Because it uses the AWS infrastructure, the machine learning service is easily scalable and can generate billions of predictions on a daily basis which are then served up in real-time via the APIs. The added low cost of operation, as well as the service’s integrated data visualization models, made this solution even more attractive for the client’s needs.
Although AWS provides options for how to store the soon-to-be analyzed data, including using the results of an Amazon Redshift query or Amazon Relational Database Service (RDS), ClearScale set up a dedicated S3 bucket to store the client’s data within an AWS Virtual Private Cloud (VPC). After setting up, fine-tuning, and testing the initial machine learning model, we did a batch analysis against the entire data set to see how the predictive analytics would perform.
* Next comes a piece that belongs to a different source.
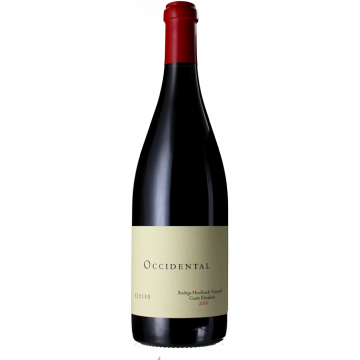Headlands Cuvée Elizabeth Pinot Noir 2020 – Occidental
We then reviewed with our client four sets of data that came back: entries that satisfied the data conditions sought, entries that did not satisfy the data conditions, entries that did not satisfy data conditions but were marked as positive, and entries that satisfied the data conditions but were flagged as negative.
Reviewing these datasets was critical to the success of our client. If we did not check the various outputs from the testing phase, we ran the risk of introducing bad or missing data from the datasets. This would increase the likelihood that the model itself could degrade, which would, in turn, provide inaccurate information to the client. In fact, AWS maintains a threshold that prevents the model from running if roughly 10% of the datasets fail due to bad or missing data.
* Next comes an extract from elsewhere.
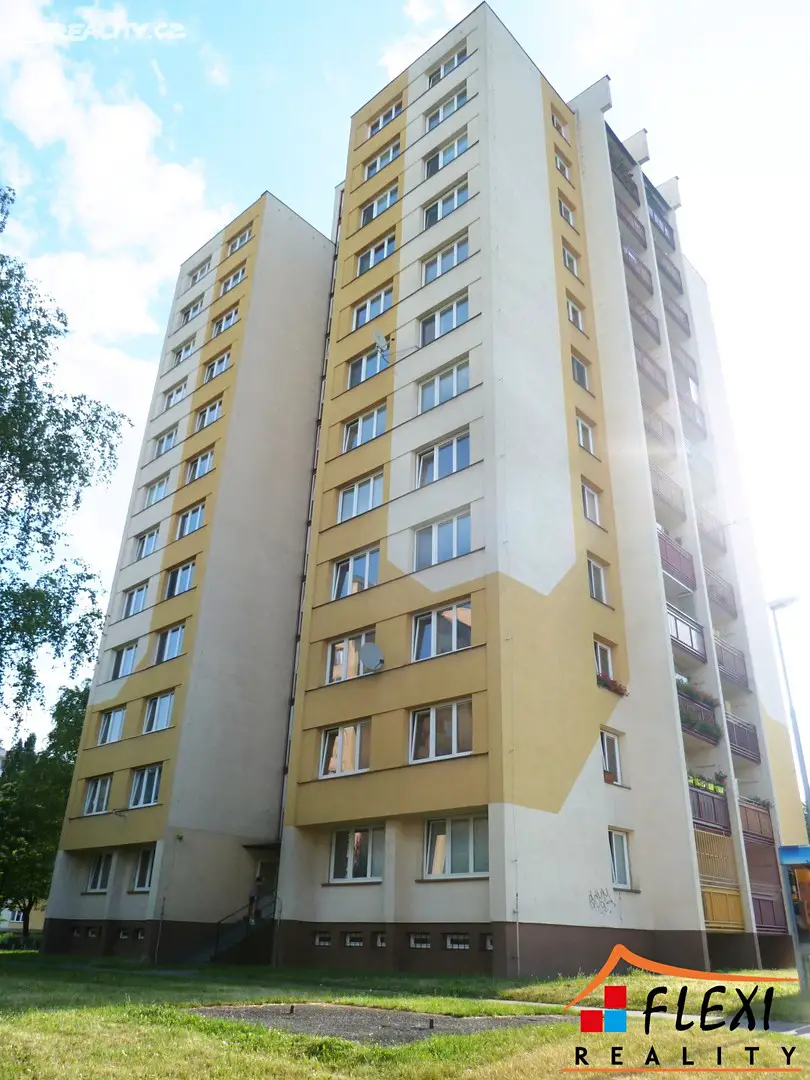 Pronájem bytu 1+kk 30 m², Gen. Janouška, Ostrava - Moravská Ostrava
Once the datasets were reviewed with the client, ClearScale went back and performed final changes against the machine learning models and configured AWS to provide redundancy across several different zones. Data and information traveling between points are encrypted in transit and at rest, and any requests made to the batch or real-time APIs are done over SSL.
Furthermore, up to 200 transactions per second (TPS) can be requested, allowing usage in any desktop or mobile application that needs near real-time results. All of the setup and configuration of these attributes were created and managed using AWS Identity Access Management (IAM) so that the client could determine which users had access to manage these machine learning models and algorithms in the future.
Using our proven approach of fully evaluating our client’s needs before researching and providing a recommended course of action and implementation, ClearScale was able to develop and deploy a very beneficial machine learning solution. The expertise we have demonstrated with the AWS platform and services has been reinforced time and again, no matter how complex the challenge.
At ClearScale, we believe that in order for our clients to succeed, we must make certain not only that our provided solution meets their current or future needs, but also that we are setting them on the road to success by completing an in-depth review of their concerns and delivering the training they need to guide their own destiny.